In almost all industries, it’s not about getting the volume right. Typically, companies can forecast volumes with reasonable accuracy; for some industries, this information can be easily obtained from external data sources. The challenge comes in forecasting, planning, and executing at the mix level.

GDP and productivity growth are about raw power and economies of scale – if volume or revenue grows larger or faster, then it can be measured and adds to the pile. A large percentage of the productivity bump between 1995 and 2004 was attributed to computer manufacturing (much of this manufacturing is no longer performed in the United States; thus, future gains in computer performance would only partially help US overall productivity). The price-performance curve of computing equipment is a powerful statement of productivity and one that can be easily quantified (manufacturing and distribution creating ever-increasing power at lower prices).

Economies of Scope and Maslow's Hierarchy of Needs

However, while productivity focuses mostly on economies of scale, the challenge for companies to achieve greater volumes has been one of economies of scope, particularly in mature economies where the focus has been on achieving ever higher levels on the supply chain equivalent of Maslow’s hierarchy of needs.

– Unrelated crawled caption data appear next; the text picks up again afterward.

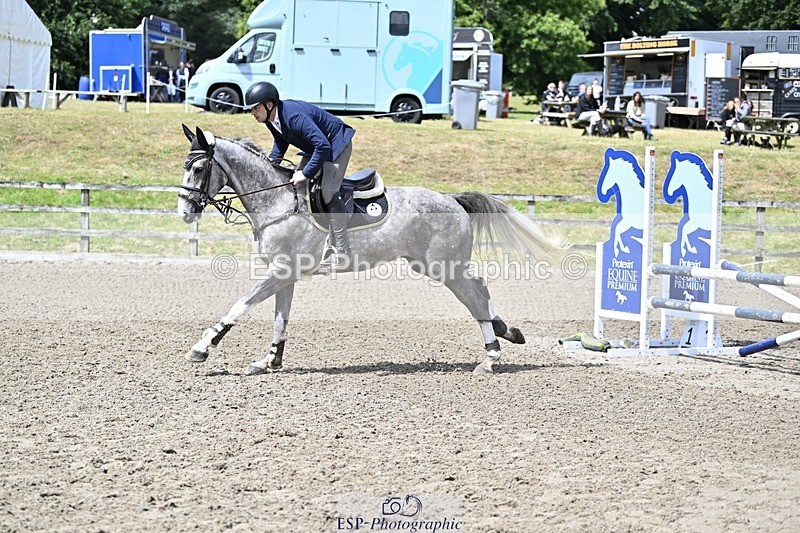 240710-114157-22459 - Cls 203 4 Yr Old 90cm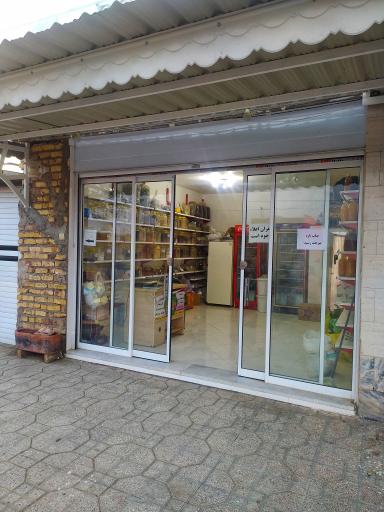 عکس عرقیات و محصولات سنتی طوبی خانم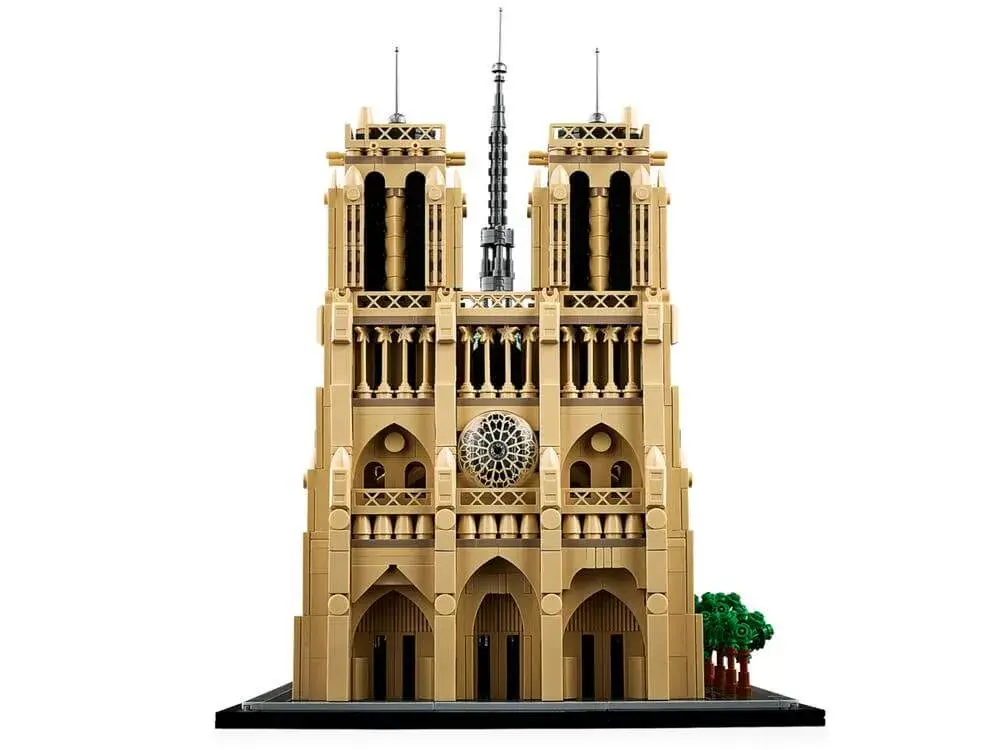 LEGO Architecture 21061 Notre-Dame de Paris details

Until economists figure out how to place a value on choice, all of this work will not show up in productivity numbers. For computers and automobiles, economists have figured out how to attribute faster speeds and more content to higher value (showing that for a given set of inputs much more value is being created; thus, even if inputs don’t decline, they are producing more value resulting in higher productivity numbers). For example, even though an assembly line today produces 200K units a year with 18 hours of labor per unit, just as it did five years ago, productivity is still higher because the value of the vehicle being produced is significantly higher, due to dramatically increased features, including reliability, electrical, mechanical, safety, and electronics.

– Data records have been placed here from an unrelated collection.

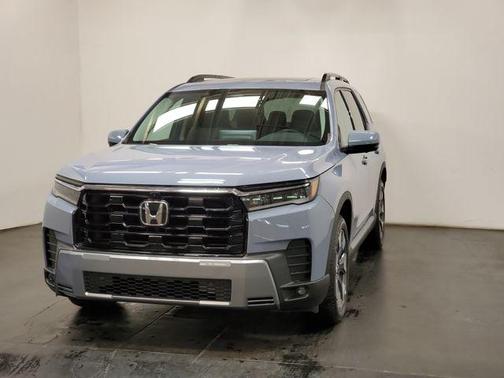 Sonic Gray Pearl 2026 Honda Pilot Touring 8-Passenger
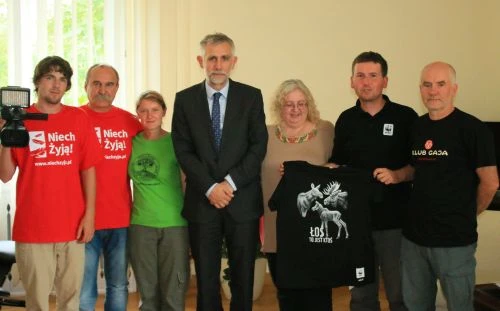 
Przedstawiciele organizacji pozarządowych z ministrem Maciejem H. Grabowskim. Trzecia z lewej strony Monika Stasiak reprezentująca Pracownię. Fot. Wojciech Seńków
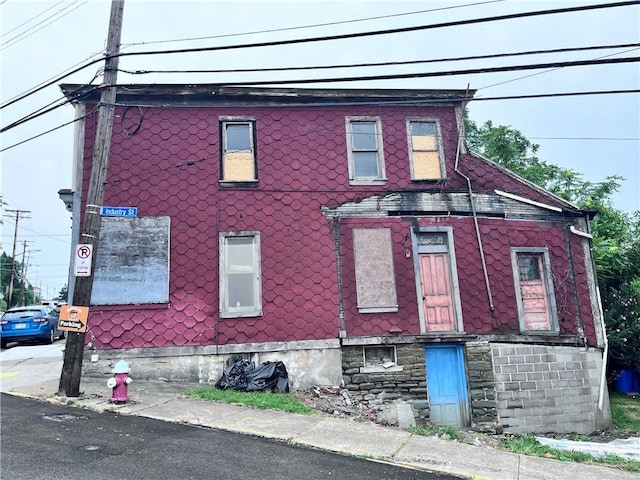 1300 Arlington Ave, Allentown, PA 15210 - view of front facade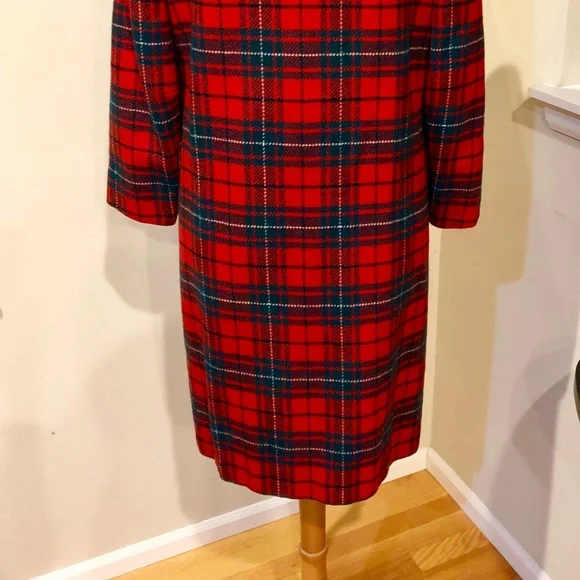 Pendleton Wool Red Plaid Coat Vtg. 50's - Small Perfect for Fall & the Holidays - Picture 7 of 15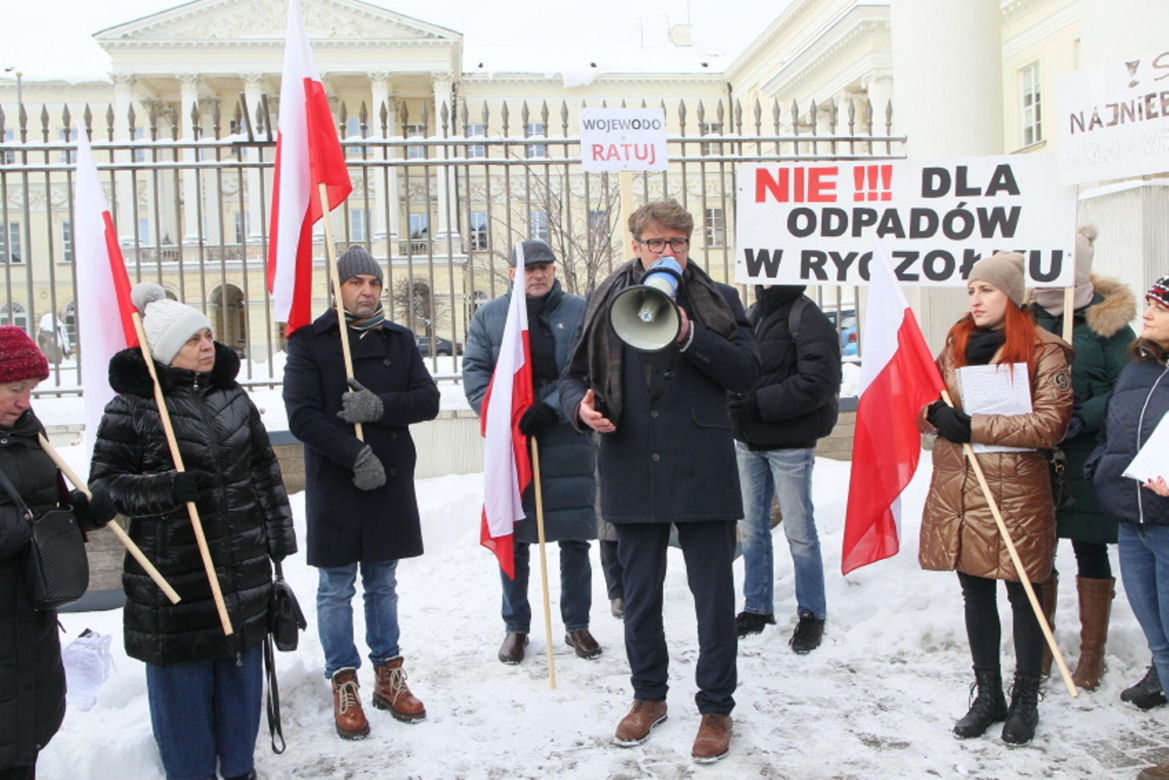 6500 ton toksycznych odpadów pod Warszawą. Mieszkańcy alarmują. „Żyjemy na tykającej bombie”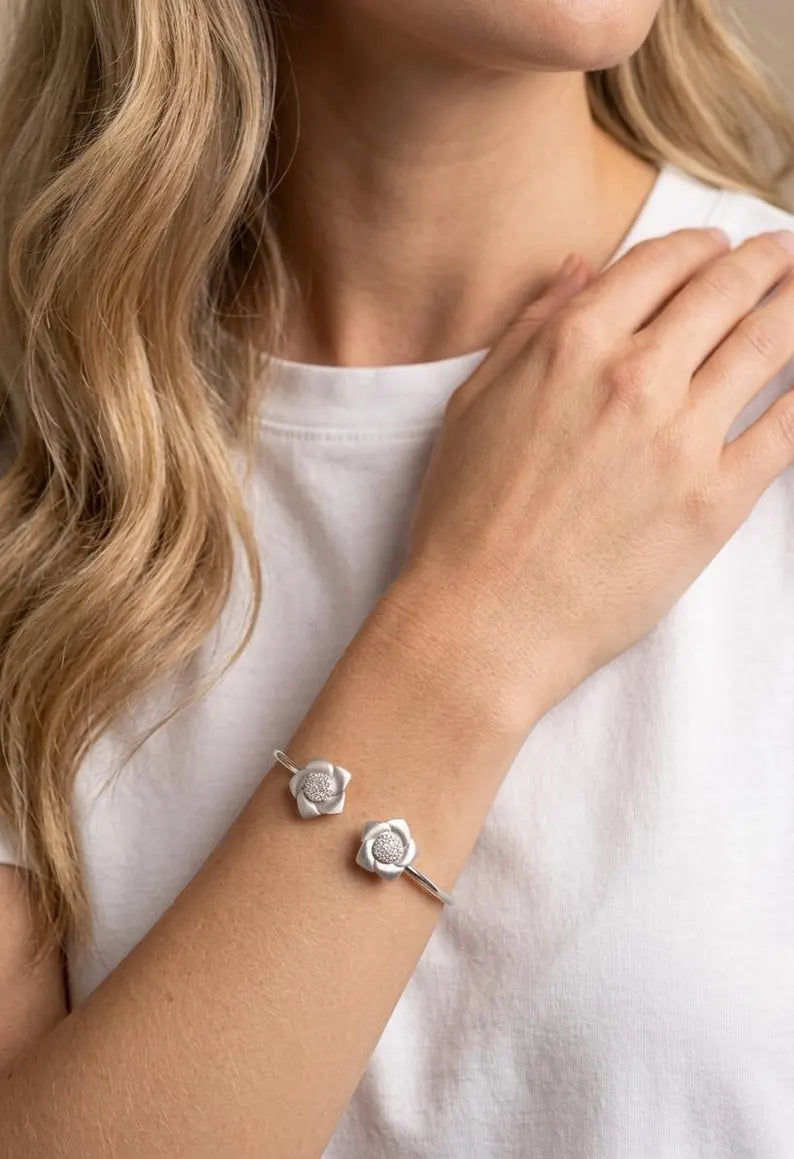 925 Sterling Silver Floral Bracelet, Dainty Love Bracelet, Minimalist Jewelry for Women, Gift for Girlfriend, Bridesmaid Gift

But a gallon of orange juice is a gallon of orange juice, even if I can now buy twenty different kinds, when previously I could buy only two. In productivity calculations, there is no additional utility or performance to be gained by having twenty varieties of orange juice versus having two. Presumably, this might show up in consumers valuing variety and placing a higher price on it, which would show up in output numbers. Unfortunately, the complexity of managing supply chains (materials, production, distribution) for the increased variety has not allowed costs to be dropped at the same pace as if the same supply chains were managing single products.

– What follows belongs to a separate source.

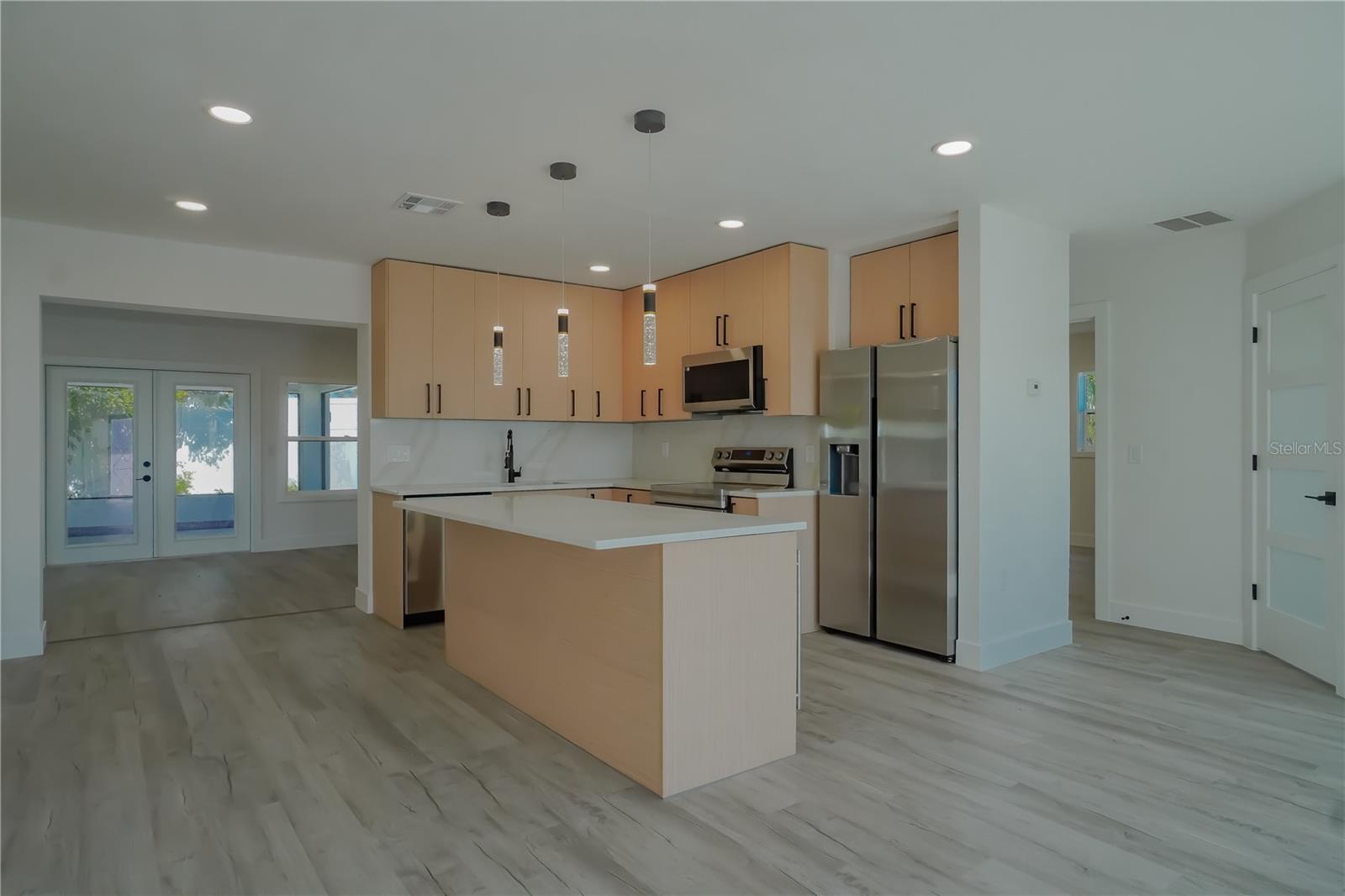 SOUTH VENICE - Residential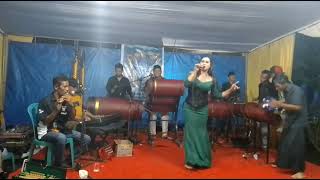 Download lagu Musik patrol ratu rengganis.Bojo loro voc.bunda Desi mp3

There has been much written that all the investments in information technology and digital transformation have not resulted in much in terms of productivity improvements (the techno-optimists versus the techno-pessimists). The data supporting this assertion are indisputable. What is being missed is the larger point – that the framework for competition is now based on providing ever increasing personalized, individualized choice. Volume outputs are not increasing dramatically; likewise, labor, asset, and material inputs are not decreasing dramatically; thus, productivity is not shown to be increasing much. But the fact that these inputs are not increasing and are in fact decreasing marginally while solving a dramatically more complex demand problem – one of choice – is the direct result of increased investments in digital technologies. The other way to look at this is that if this level of choice were to be offered without digital technologies, the labor, asset, and material inputs would have had to increase dramatically. That this did not happen is a fine example of software eating the supply chain.